Нужда, «безживотие злое», по мнению Молотова, только и способны заставить человека облачиться в мундир и засесть в архив. Но барин Аркадий Иваныч, на которого Молотов смертельно обиделся и которому смертельно же завидует, тоже трудится как пчелка: «Вот нам и гулять некогда, – говорил Обросимов, – забот полны руки, посевы, по фабрике работы… да что, совсем закружился…», – и поддержание уровня жизни не так уж легко ему дается. И на «помещика жестокосердого» Обросимов никак не тянет – добр, совестлив. А что «эксплуатирует» рабочих и землепашцев, так это надо их спросить, каково им будет без работы и какое «безживотие» ожидает их семьи.

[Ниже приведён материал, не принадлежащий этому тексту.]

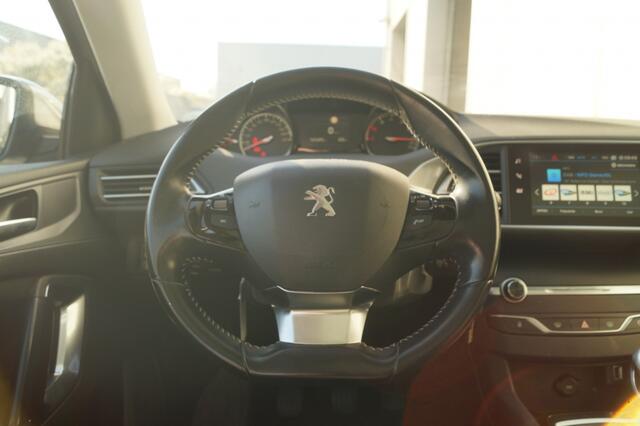 Peugeot 308 SW 1.2 PureTech Executive -PANO-ECC-PDC-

Разночинцы первыми художественно восстали против регулярного труда – основы общественного уклада. А там уж и «хитрованцы» всех мастей укоренились в литературе и прославились как поборники «вольности и прав», челкаши и алкаши хлынули во все жанры, пока железная рука РАППа их не остановила. Но РАПП поощрял «атакующий класс», а не талант, и производственная тема стала уделом самых бездарных и сервильных. Своего Горького и даже Гиляровского творческие командировки на «стройки народного хозяйства» не породили.

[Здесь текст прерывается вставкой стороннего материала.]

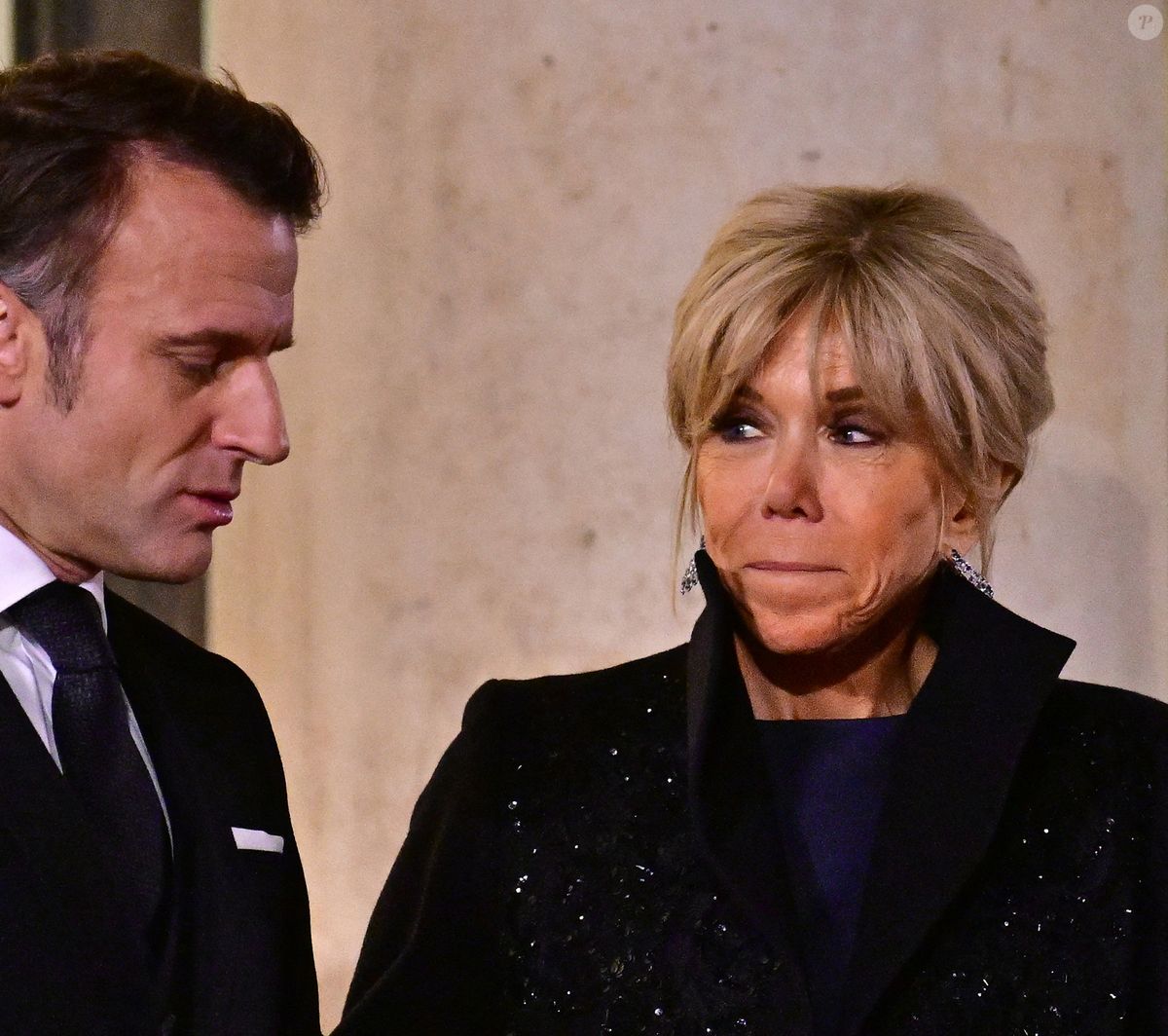 Photo : Le président Emmanuel Macron et sa femme Brigitte Macron ...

Русское чиновничество так и осталось оплеванным и доведенным создателями до автоматизма, как радиоуправляемые модели. В повести «Молотов» оно еще по-своему обаятельно. Как написал Толстой в послесловии к чеховской «Душечке»: «Он, как Валаам, намеревался проклясть, но бог поэзии запретил ему и велел благословить, и он благословил…» Библейский Валаам, как известно, не получил обещанных даров от моавитского царя Валака, потому что не проклял израильский народ, а благословил его. Русская пореформенная литература получила все возможные дары от советского Валака, потому что не благословила, а прокляла свою эпоху. И то в ней было не так, и это не эдак.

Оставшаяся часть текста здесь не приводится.